▶ _Records to use_
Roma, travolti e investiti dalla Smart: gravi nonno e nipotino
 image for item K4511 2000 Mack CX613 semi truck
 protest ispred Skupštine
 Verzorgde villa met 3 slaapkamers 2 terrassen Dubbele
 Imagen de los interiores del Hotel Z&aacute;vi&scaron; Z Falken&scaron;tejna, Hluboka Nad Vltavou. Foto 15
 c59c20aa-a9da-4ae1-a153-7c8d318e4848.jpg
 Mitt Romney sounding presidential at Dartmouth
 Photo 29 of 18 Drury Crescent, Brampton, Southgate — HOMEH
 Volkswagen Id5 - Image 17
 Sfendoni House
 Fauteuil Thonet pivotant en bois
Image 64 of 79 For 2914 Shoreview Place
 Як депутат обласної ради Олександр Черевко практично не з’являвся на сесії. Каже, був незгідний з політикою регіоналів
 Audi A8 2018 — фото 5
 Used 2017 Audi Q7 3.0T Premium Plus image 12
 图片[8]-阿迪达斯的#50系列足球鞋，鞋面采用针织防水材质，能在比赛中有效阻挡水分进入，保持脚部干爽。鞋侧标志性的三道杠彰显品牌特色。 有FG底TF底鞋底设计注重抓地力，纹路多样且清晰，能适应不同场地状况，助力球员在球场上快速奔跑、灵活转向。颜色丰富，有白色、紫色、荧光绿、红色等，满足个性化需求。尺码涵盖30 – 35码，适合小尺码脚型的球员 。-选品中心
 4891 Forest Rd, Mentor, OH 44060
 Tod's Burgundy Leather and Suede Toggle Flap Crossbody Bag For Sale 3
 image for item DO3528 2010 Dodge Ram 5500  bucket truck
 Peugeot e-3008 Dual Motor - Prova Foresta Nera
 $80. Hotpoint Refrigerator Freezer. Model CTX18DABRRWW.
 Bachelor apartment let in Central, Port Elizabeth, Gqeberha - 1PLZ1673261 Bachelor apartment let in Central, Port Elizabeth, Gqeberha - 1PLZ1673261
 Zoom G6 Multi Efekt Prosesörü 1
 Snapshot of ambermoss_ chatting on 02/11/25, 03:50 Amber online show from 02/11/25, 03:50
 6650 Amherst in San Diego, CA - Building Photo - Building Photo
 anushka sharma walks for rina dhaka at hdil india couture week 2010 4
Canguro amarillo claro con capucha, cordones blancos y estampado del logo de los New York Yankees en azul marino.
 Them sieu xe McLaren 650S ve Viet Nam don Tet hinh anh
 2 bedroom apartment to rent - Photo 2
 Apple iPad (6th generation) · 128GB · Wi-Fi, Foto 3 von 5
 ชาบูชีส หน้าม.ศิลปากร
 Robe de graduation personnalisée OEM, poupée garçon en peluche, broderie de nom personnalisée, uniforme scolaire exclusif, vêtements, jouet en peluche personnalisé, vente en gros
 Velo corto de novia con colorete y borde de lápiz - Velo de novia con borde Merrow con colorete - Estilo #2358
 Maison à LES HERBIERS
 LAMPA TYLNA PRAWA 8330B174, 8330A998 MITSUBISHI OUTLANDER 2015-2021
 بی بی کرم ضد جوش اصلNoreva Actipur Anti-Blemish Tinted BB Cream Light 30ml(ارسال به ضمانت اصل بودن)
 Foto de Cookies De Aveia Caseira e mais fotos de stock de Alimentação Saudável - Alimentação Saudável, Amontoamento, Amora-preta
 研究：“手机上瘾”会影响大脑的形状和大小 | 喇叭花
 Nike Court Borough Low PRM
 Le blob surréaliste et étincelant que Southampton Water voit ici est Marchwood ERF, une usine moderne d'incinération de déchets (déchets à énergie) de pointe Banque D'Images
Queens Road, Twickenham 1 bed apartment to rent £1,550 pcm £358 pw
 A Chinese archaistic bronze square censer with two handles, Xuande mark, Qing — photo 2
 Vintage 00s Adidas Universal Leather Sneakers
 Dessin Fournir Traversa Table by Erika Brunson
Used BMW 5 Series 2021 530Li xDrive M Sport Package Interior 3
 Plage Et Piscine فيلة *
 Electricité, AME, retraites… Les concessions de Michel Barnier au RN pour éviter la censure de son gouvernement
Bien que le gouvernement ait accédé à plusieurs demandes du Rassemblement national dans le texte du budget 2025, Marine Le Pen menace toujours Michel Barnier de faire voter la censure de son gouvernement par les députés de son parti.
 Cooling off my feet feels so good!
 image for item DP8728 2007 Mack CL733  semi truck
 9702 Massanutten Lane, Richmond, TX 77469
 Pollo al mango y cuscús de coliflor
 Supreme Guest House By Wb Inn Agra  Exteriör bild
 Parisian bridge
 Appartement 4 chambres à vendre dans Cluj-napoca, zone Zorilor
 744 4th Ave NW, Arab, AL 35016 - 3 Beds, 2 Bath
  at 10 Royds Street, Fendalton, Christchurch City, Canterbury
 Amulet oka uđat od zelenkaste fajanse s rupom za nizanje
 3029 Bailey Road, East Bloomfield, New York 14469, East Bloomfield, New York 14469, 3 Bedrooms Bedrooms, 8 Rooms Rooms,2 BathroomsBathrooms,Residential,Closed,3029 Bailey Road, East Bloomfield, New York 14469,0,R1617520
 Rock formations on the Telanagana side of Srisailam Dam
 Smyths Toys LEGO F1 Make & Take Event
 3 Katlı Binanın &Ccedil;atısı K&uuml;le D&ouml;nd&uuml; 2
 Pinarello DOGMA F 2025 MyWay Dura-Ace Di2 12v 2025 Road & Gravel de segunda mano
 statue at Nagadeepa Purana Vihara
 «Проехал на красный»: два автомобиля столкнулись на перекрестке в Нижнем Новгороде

▶ _Exercise aim_
Working from the material above, retype exactly the lines from the one with "2 bedroom apartment to rent - Photo 2" through the one with "Pollo al mango y cuscús de coliflor", both included, and only those lines.

▶ _Response to the exercise_
 2 bedroom apartment to rent - Photo 2
 Apple iPad (6th generation) · 128GB · Wi-Fi, Foto 3 von 5
 ชาบูชีส หน้าม.ศิลปากร
 Robe de graduation personnalisée OEM, poupée garçon en peluche, broderie de nom personnalisée, uniforme scolaire exclusif, vêtements, jouet en peluche personnalisé, vente en gros
 Velo corto de novia con colorete y borde de lápiz - Velo de novia con borde Merrow con colorete - Estilo #2358
 Maison à LES HERBIERS
 LAMPA TYLNA PRAWA 8330B174, 8330A998 MITSUBISHI OUTLANDER 2015-2021
 بی بی کرم ضد جوش اصلNoreva Actipur Anti-Blemish Tinted BB Cream Light 30ml(ارسال به ضمانت اصل بودن)
 Foto de Cookies De Aveia Caseira e mais fotos de stock de Alimentação Saudável - Alimentação Saudável, Amontoamento, Amora-preta
 研究：“手机上瘾”会影响大脑的形状和大小 | 喇叭花
 Nike Court Borough Low PRM
 Le blob surréaliste et étincelant que Southampton Water voit ici est Marchwood ERF, une usine moderne d'incinération de déchets (déchets à énergie) de pointe Banque D'Images
Queens Road, Twickenham 1 bed apartment to rent £1,550 pcm £358 pw
 A Chinese archaistic bronze square censer with two handles, Xuande mark, Qing — photo 2
 Vintage 00s Adidas Universal Leather Sneakers
 Dessin Fournir Traversa Table by Erika Brunson
Used BMW 5 Series 2021 530Li xDrive M Sport Package Interior 3
 Plage Et Piscine فيلة *
 Electricité, AME, retraites… Les concessions de Michel Barnier au RN pour éviter la censure de son gouvernement
Bien que le gouvernement ait accédé à plusieurs demandes du Rassemblement national dans le texte du budget 2025, Marine Le Pen menace toujours Michel Barnier de faire voter la censure de son gouvernement par les députés de son parti.
 Cooling off my feet feels so good!
 image for item DP8728 2007 Mack CL733  semi truck
 9702 Massanutten Lane, Richmond, TX 77469
 Pollo al mango y cuscús de coliflor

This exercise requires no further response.